#### PROBLEM TO SOLVE
Pictures in the listing below are skipped, while the lines from the "Veterinary Shoe Charm Bundle | Love Huvet" line through the "Process of light microscopy." line are returned word for word.

#### EXERCISE DATA
%%
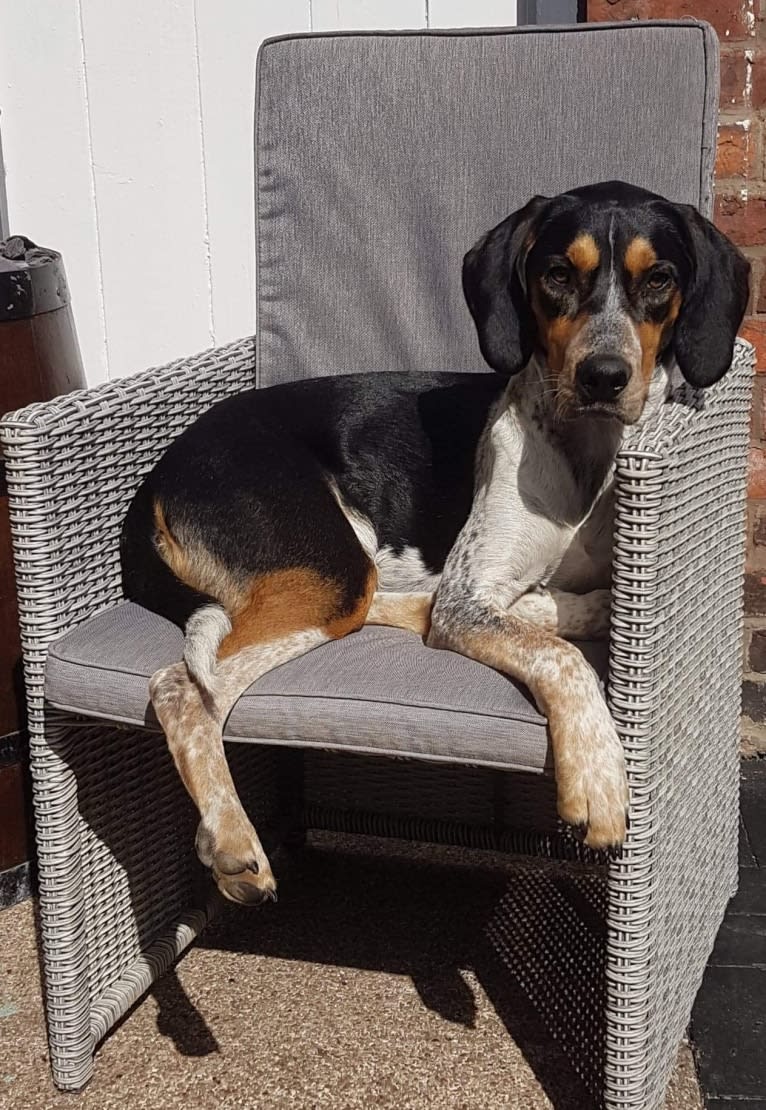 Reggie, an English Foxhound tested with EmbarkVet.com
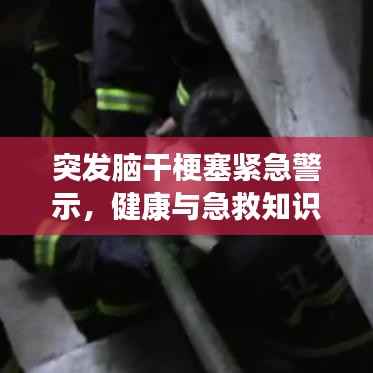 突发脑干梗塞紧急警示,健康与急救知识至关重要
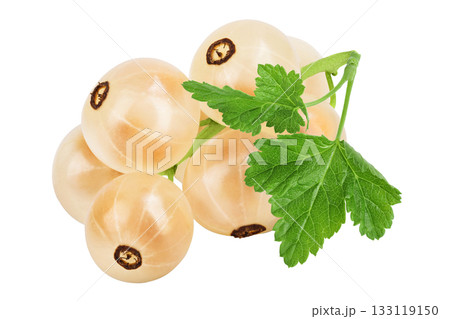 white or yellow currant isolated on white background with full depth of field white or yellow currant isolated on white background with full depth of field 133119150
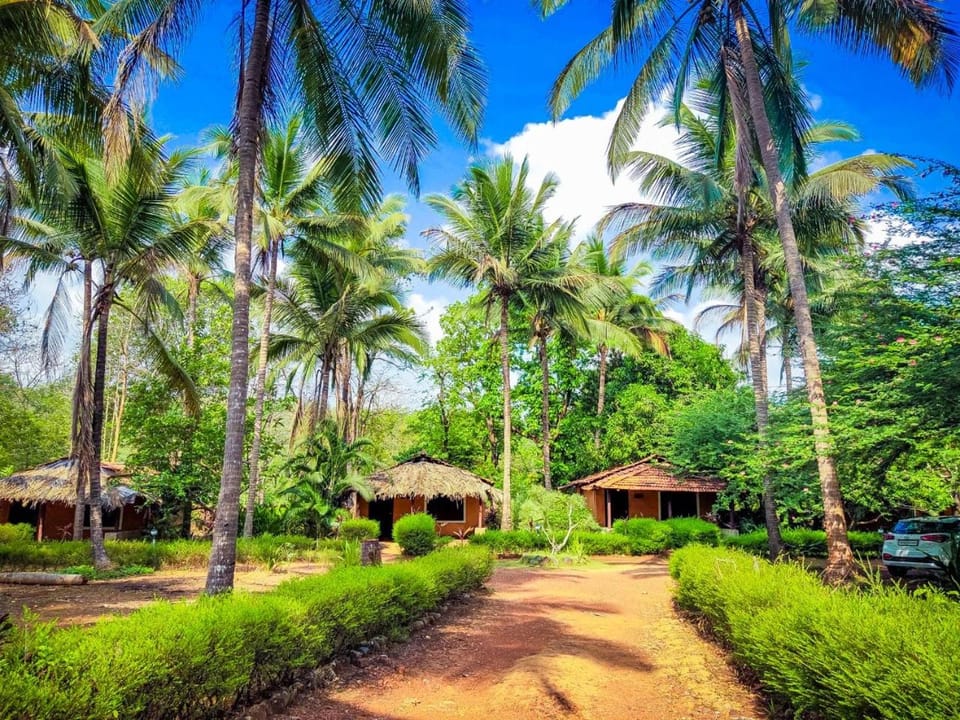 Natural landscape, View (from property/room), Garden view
%%
%%
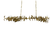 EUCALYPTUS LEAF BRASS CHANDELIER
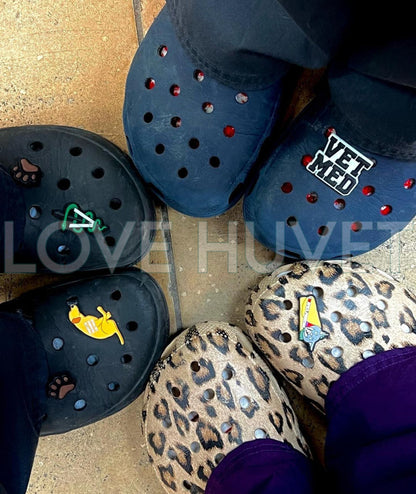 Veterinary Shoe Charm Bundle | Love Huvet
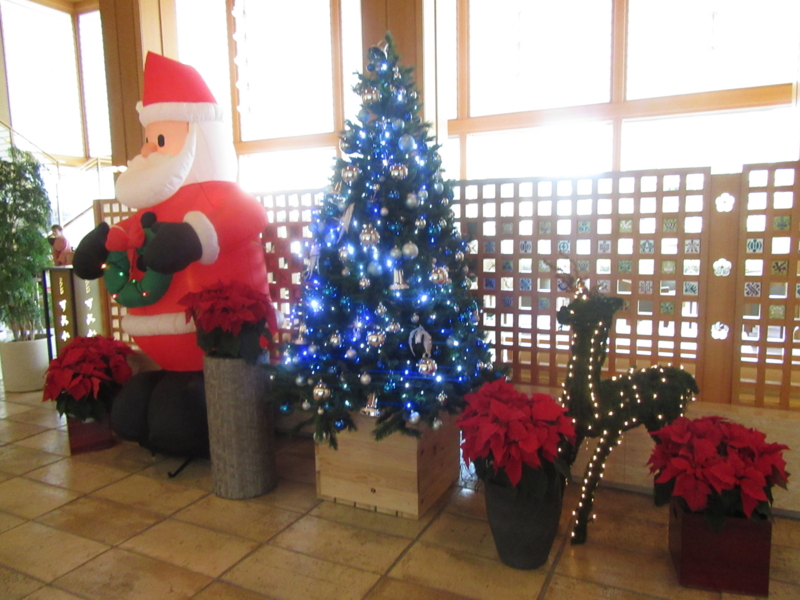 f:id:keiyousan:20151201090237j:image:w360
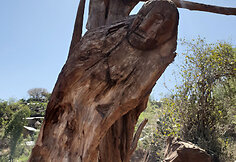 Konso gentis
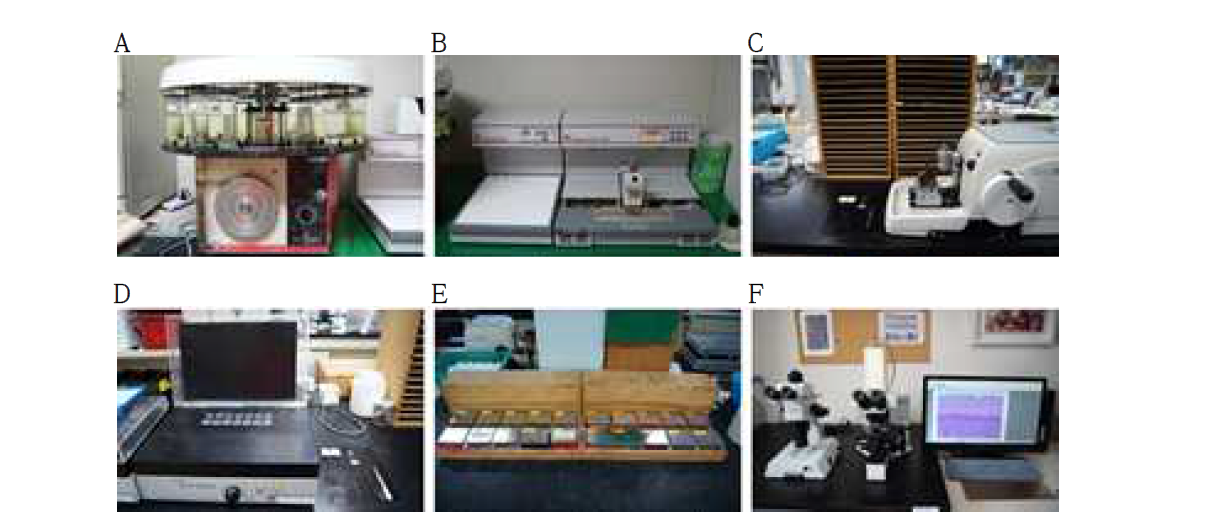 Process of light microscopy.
%%
#### PROBLEM SOLUTION
 Veterinary Shoe Charm Bundle | Love Huvet
 f:id:keiyousan:20151201090237j:image:w360
 Konso gentis
 Process of light microscopy.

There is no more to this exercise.